Au travers d’ateliers réunissant les métiers et les représentants de l’IT, experts et data scientists les accompagnent tout en s’appropriant les enjeux. Ces workshops permettent d’apporter la réponse la plus adaptée, tout en situant la valeur et l’identification des univers de données.
Il est intéressant de s’attarder sur le cas particulier du consultant data scientist. Si vous fournissez un jeu de données à un data scientist, il trouvera quasi certainement des épiphénomènes, des signaux faibles et des corrélations qui ne prendront sens que s’ils sont rapprochés des objectifs métiers. Cette collaboration avec les métiers est donc indispensable car sans elle il n’y a pas d’appropriation.
Analyse
Aussi, étant consultant, le data scientist intervient naturellement sur différents terrains, dans différentes industries. Il peut ainsi avoir le recul nécessaire et être force de proposition, conseiller les organisations sur les prochaines étapes à suivre dans l’analyse.
Fort de la compréhension acquise du métier et de ses enjeux, cela consiste en la structuration de la stratégie data autour de use cases précis et délimités. Les use cases peuvent être identifiés en amont par les organisations, dans ce cas il est possible d’intervenir dans la rationalisation et dans l’étude de faisabilité. Autrement, il faut envisager des axes d’étude pertinents et travailler à la définition de uses cases avec les métiers.
Traitement & Enrichissement
Par la suite, vient l’étape de traitement et d’enrichissement. Cette étape constitue la concrétisation des réflexions et études effectuées en amont. Elle prend la forme d’une réponse technologique adaptée aux uses cases, permettant la mise en place des solutions proposées. Par exemple : un scoring client, des traitements prédictifs, du machine learning, de la réconciliation de données.
Les volumétries étant souvent importantes, des traitements Big Data s’imposent. Les architectes dimensionnent les solutions selon les uses cases à adresser, mais le paradigme qui permet d’adresser les sujets reste inchangé : le datalake. Il s’agit principalement de casser les silos et de fragmenter les données, puis de les regrouper dans un référentiel unique pour en permettre le croisement.
A titre d’exemple, cette approche repose souvent sur des socles Hadoop et l’une des 3 éditions majeures du marché (Cloudera, HortonWorks, MapR). Cela permet de fournir et d’implémenter des pipelines de traitement de la données adaptés aux besoins des entreprises.
Activation
Last but not least, vient l’étape d’activation, durant laquelle la donnée enrichie par la connaissance extraite vient se déverser dans un écosystème pour devenir actionnable. Il reste donc à fournir les leviers de son activation.
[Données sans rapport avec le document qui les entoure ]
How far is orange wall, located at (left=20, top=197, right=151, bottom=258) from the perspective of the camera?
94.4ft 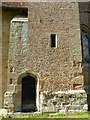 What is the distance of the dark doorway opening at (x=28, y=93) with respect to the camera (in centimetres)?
1547

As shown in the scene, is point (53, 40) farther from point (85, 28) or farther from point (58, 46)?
point (85, 28)

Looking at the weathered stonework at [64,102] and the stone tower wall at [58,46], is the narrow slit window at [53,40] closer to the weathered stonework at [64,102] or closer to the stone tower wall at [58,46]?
the stone tower wall at [58,46]

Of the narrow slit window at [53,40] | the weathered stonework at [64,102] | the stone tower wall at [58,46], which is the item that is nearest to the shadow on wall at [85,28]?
the stone tower wall at [58,46]

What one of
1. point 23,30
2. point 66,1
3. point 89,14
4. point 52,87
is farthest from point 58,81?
point 89,14

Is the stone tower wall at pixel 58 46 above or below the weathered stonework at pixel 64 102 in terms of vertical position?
above

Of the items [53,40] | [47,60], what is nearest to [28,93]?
[47,60]

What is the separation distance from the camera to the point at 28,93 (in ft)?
51.9

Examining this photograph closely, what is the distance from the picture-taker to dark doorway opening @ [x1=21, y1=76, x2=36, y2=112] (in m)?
15.5

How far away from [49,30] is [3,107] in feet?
17.3

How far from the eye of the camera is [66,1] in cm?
1638

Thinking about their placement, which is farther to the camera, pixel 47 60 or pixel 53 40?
pixel 53 40

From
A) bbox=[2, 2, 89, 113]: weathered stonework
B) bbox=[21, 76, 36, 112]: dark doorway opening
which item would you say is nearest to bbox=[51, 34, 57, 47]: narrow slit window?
bbox=[2, 2, 89, 113]: weathered stonework

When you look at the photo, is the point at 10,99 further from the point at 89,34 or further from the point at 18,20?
the point at 89,34

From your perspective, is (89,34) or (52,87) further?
(89,34) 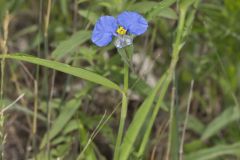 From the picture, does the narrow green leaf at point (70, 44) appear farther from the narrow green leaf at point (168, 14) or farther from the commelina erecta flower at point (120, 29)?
the commelina erecta flower at point (120, 29)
Cela peut prendre la forme de restitutions graphiques (reportings), d’applicatifs spécifiques, d’études ou bien sur l’ensemble de la chaîne de traitement à travers des automates industrialisés de traitement de la donnée qui viennent alimenter une brique du système d’information.
Ces quatre étapes constituent donc « la chaine de valeur de la data ». Elle représente l’outil méthodologique qui permet de mettre en place efficacement et de concrétiser la valorisation de la donnée au sein des organisations.